The Phoenician capital Tyre, on the coast of what is now Lebanon, had trading links that extended through the entire eastern Mediterranean and far beyond. The places Ezekiel named in these verses as the Phoenicians trading partners in the sixth century BC were in central Asia, southern Arabia, Armenia, and the coast of Spain, and his list of the merchandise slaves, animals, manufactures, luxuries, and other goods that appeared in their marketplaces lasted for more than twenty biblical verses. Travel and its commercial benefits were common enough; from the earliest times, explorers and adventurers had returned with exotic cargoes, but the stories they brought back were confused and unreliable. The island of Taprobane that Ptolemy described was said to dwarf the Indian peninsula that lay to its north, while the great medieval map of the world, dating from the late thirteenth century and still on display at Hereford in England, shows two distinct Niles, one running into the eastern Mediterranean, the other snaking across almost the whole width of the African continent. The accounts of the early adventurers were neither more nor less believable than the grotesque creatures with which ancient Greek and Roman authors loved to people the unknown places. There was no agreed view of the world; anything was possible. Travelers had no reliable or accurate way to record what they had found, to set it out for people to see. To become part of a shared image of the world, their stories had to be written down, described, and mapped.

Today, the oldest so-called maps look like little more than a few carved scratches, their meaning lost with the civilizations that created them. About four thousand years ago, craftsmen near the present-day village of Bedolina, some ten thousand feet high in the Italian Alps, set about carving the rock with rough bronze or iron tools. They drew pictures of animals, daggers, and suns, much as their cavemen ancestors elsewhere in Europe had done ten thousand years earlier. But the artists of Bedolina also produced one of the first known maps. The Mappa di Bedolina is approximately four yards wide and six yards high, an ambitious patchwork of carved lines and symbols, with a series of crudely drawn rectangles, most of them filled with carefully spaced dots and linked with snaking irregular lines. They seem to represent fields with paths, rivers, or irrigation canals running between them a graphic illustration of a cultivated landscape in the Valley of Valcamonica below.
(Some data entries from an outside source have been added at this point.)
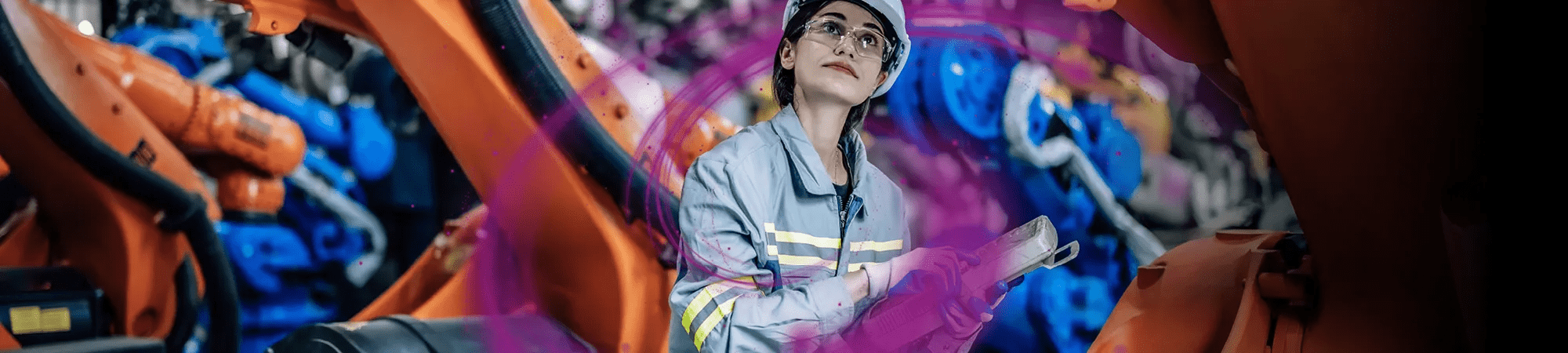 Banner Default Image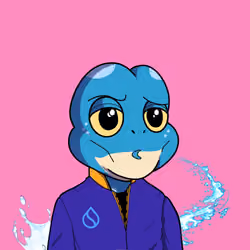 415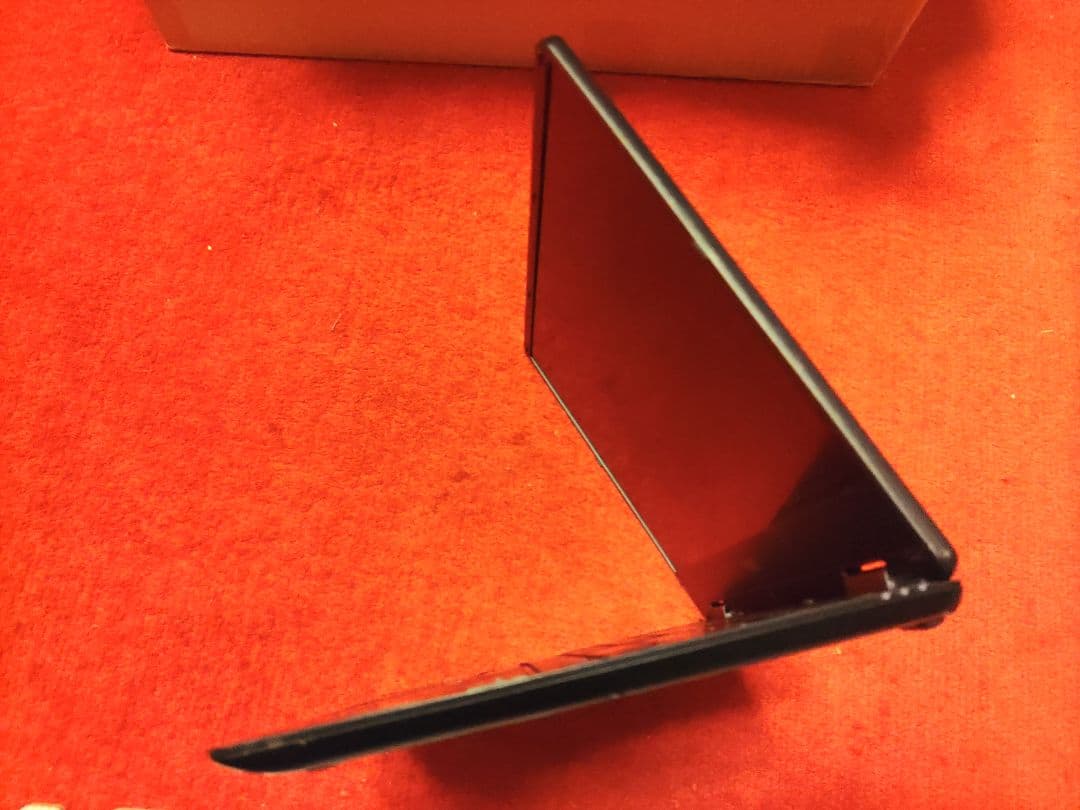 win11 NEC ノートPC Intel Core i5 第8世代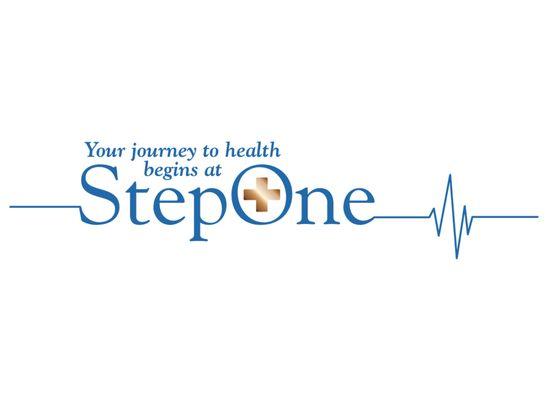 StepOne Health Services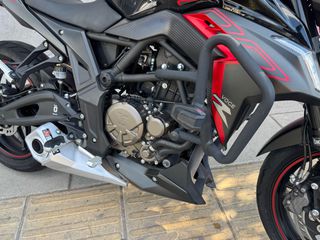 Voge 300R 2023-thumb-1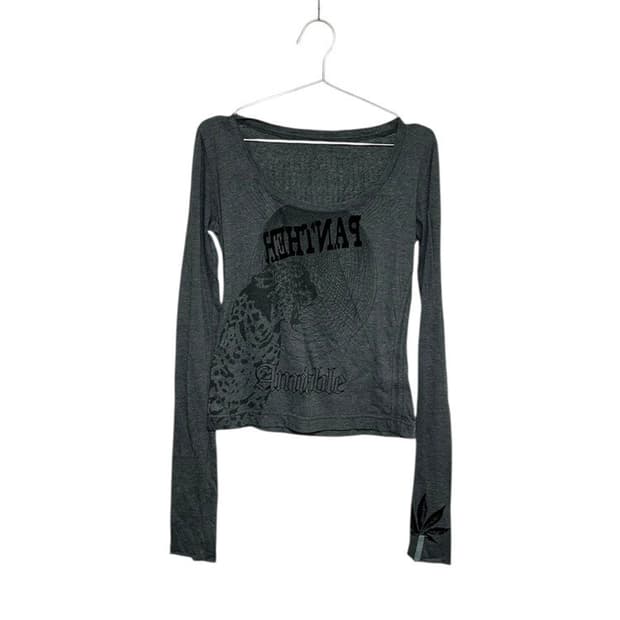 vtg top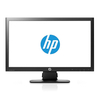 HP ProDisplay P201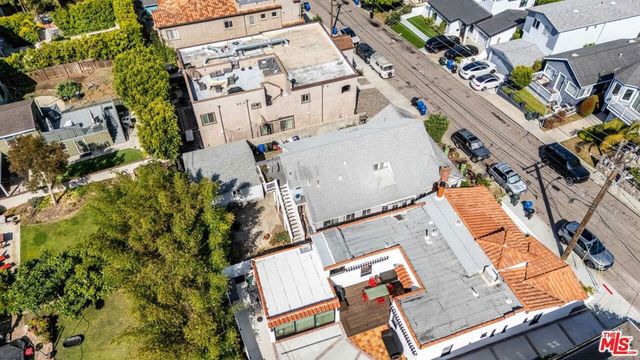 1232 1st Street, Hermosa Beach, CA 90254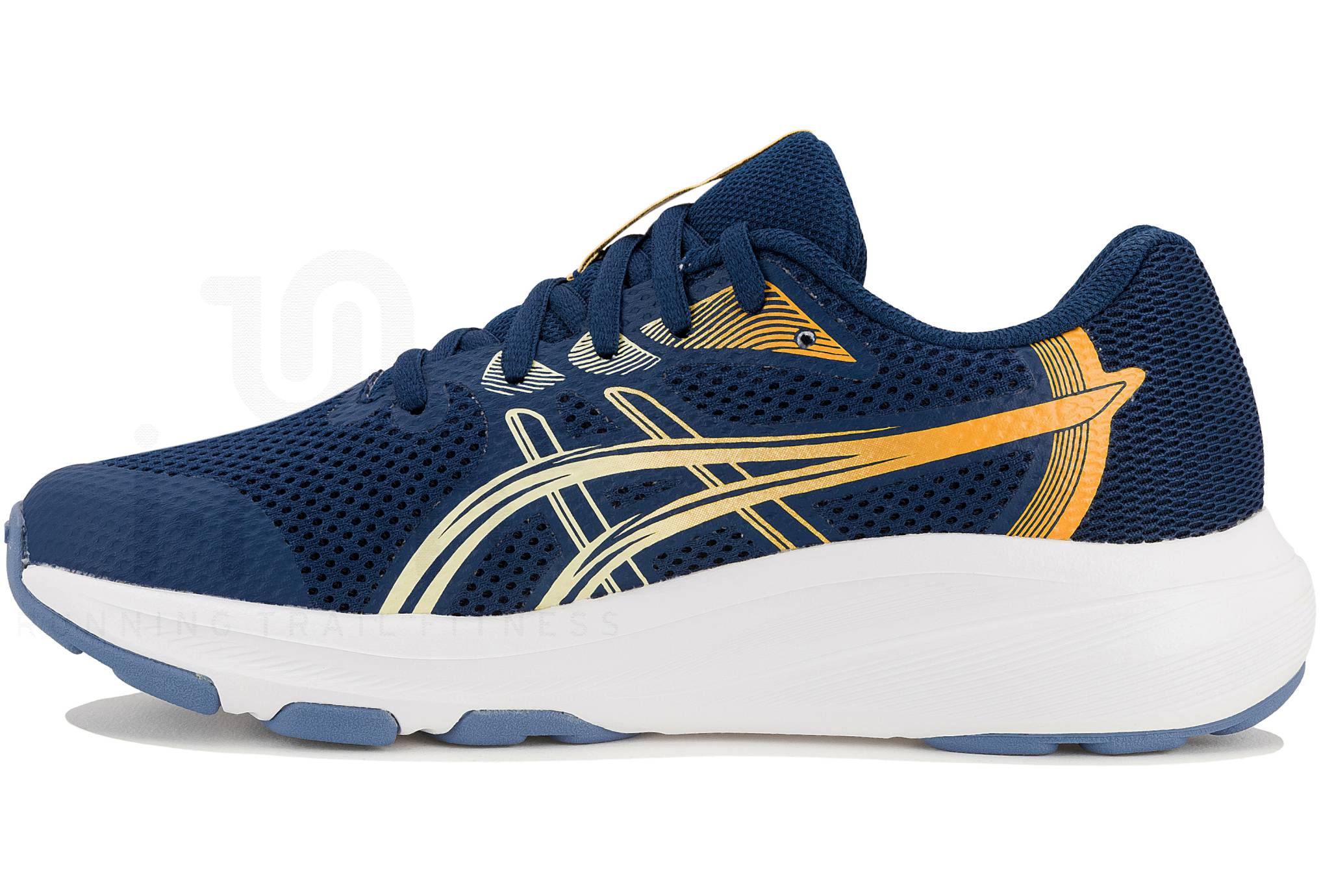 Asics Gel-Contend 10 GS Junior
Their carvings could have had some religious or magical purpose, but after four millennia, we can only guess at what it might have been. Armed figures, huts, and shapes like ladders were added to the map hundreds of years afterward, maybe adapting it for new mystical or ceremonial rites in a mixture of religious faith and straightforward observation that was to characterize mapmaking through the ages.


The Mappa di Bedolina in Italy.

Centuries later, merchants and travelers who were pushing farther and farther afield in the search for new markets brought back garbled reports of the mighty Rivers Don and Nile running south out of Asia and north out of Africa to form a T-shape with the well-traveled waters of the Mediterranean. The waters of the ocean were then thought to surround the world in a gigantic O, leading to the creation of the so-called T-O maps, which represented for ancient Greek, Roman, and even Arab seamen an agreed image of the outline of the world.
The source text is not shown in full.